Uma menina com balões foi pintada e adota uma atmosfera em parte poética, em parte política. Os balões a puxam para cima num ato que sugere a ultrapassagem do muro não só para o outro lado mas para uma visão macro da situação como que numa tentativa de superar a fronteira entre os espaços.
Os anjos, personagens de outra obra feita no local, se posicionam em lados opostos de uma rachadura na parede e são igualmente ambíguos. Ao mesmo tempo que são anjos esteticamente próximos ao imaginário católico, usam acessórios, como o gorro e lenços no rosto, usados por manifestantes pró-palestina.
Nem todas as propostas, porém, são políticas, mas carregam um viés interativo característico de Banksy. A menina que bamboleia com a roda da bicicleta abandonada ou a senhora que espirra tão forte que inclina as casas para o lado são cenas pensadas especialmente para interagir com o local e inserem narrativas até então inéditas naquele espaço transformando a percepção do presente. Ambas as obras, porém, foram retiradas do local onde foram feitas.

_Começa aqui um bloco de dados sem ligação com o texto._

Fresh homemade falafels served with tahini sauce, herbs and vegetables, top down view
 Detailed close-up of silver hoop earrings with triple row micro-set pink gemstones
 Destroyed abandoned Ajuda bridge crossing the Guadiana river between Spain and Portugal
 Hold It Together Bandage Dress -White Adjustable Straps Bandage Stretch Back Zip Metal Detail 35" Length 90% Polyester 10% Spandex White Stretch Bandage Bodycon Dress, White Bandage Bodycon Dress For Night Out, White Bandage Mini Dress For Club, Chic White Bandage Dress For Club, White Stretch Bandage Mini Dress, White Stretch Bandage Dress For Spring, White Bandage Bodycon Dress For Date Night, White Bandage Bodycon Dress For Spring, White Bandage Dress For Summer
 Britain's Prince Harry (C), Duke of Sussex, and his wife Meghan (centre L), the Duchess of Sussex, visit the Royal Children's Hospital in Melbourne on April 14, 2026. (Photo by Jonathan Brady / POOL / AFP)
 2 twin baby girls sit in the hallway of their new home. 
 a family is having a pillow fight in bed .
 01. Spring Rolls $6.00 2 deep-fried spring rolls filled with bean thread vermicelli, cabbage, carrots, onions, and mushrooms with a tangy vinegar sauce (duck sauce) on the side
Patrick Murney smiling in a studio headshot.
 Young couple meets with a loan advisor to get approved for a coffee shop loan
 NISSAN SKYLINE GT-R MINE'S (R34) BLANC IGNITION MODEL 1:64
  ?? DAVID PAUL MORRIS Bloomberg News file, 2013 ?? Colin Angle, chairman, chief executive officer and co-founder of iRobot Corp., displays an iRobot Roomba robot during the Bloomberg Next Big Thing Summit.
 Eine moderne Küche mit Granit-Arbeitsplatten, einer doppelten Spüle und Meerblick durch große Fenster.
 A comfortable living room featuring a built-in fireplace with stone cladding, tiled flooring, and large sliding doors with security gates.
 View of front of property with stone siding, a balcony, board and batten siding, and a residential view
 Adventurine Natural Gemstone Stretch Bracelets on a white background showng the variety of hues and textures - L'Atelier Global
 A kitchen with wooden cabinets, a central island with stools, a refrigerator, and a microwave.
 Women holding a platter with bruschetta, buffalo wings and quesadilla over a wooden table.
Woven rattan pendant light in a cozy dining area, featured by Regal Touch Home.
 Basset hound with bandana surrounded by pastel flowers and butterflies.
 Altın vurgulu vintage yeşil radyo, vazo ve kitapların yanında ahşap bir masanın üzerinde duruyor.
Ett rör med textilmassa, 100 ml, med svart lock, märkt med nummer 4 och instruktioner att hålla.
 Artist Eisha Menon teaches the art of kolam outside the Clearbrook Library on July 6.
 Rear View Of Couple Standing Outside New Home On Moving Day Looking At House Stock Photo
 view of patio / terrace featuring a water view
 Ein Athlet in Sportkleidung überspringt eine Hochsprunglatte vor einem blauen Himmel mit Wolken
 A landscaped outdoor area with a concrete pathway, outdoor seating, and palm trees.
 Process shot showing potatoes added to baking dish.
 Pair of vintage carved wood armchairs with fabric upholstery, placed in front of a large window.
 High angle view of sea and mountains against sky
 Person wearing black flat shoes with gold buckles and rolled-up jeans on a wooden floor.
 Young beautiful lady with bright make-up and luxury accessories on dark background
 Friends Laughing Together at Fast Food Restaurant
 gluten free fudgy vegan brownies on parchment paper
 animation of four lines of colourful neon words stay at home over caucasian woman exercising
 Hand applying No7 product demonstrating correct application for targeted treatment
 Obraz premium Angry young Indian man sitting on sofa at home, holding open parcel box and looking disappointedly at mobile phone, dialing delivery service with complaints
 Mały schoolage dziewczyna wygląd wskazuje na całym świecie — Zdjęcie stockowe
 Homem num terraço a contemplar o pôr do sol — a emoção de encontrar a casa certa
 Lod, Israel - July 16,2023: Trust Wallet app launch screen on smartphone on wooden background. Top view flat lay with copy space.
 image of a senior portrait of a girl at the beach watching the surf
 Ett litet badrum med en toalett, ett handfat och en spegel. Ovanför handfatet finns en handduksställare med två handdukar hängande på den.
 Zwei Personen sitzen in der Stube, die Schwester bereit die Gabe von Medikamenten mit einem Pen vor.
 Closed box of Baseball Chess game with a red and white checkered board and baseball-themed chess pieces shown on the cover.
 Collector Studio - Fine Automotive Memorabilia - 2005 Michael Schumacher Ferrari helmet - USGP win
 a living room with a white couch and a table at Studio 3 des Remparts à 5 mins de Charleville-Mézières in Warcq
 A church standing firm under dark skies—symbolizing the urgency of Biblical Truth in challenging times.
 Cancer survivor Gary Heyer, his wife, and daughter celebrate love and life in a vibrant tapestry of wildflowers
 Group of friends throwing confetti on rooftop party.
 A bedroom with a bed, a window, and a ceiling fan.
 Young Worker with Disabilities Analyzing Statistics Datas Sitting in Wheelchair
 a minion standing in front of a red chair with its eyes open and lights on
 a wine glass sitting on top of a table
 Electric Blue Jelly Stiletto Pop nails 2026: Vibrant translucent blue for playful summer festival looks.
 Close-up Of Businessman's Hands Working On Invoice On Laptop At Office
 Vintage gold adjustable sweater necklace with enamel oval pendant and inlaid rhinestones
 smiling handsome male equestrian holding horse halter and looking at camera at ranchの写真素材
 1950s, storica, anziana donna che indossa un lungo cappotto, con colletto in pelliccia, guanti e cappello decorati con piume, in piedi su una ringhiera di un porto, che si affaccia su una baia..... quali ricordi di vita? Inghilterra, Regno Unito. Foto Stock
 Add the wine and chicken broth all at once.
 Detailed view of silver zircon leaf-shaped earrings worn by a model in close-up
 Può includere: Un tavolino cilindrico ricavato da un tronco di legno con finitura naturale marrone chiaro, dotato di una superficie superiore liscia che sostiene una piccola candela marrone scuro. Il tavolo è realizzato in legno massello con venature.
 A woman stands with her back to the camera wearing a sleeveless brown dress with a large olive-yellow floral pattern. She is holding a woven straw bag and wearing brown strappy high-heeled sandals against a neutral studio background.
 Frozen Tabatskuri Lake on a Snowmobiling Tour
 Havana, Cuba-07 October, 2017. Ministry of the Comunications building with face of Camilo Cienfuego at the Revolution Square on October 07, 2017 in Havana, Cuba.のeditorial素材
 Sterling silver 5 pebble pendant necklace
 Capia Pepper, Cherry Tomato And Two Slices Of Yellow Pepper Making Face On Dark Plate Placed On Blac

Essa remoção acontece a partir da decisão de venda do muro pelo proprietário que passa a ser o responsável pelo trabalho uma vez que a autoria não é reivindicada por Banksy.
Alterar o local do trabalho retira a essência estrutural do pensamento de Banksy, o que gera uma grande perda para a cultura local. Mas, as interferências do mercado pouco abalam a importância do trabalho que se destaca a cada nova proposta.
É interessante notar que, sem intenção clara, o mercado de arte e Banksy estabelecem um certo esquema de retroalimentação, onde as ações de um complementam e incentivam as reações do outro. Ao chamar atenção de todos, suas obras foram trazidas para dentro de instituições privadas, ao mesmo tempo que ao reagir causa ainda mais euforia.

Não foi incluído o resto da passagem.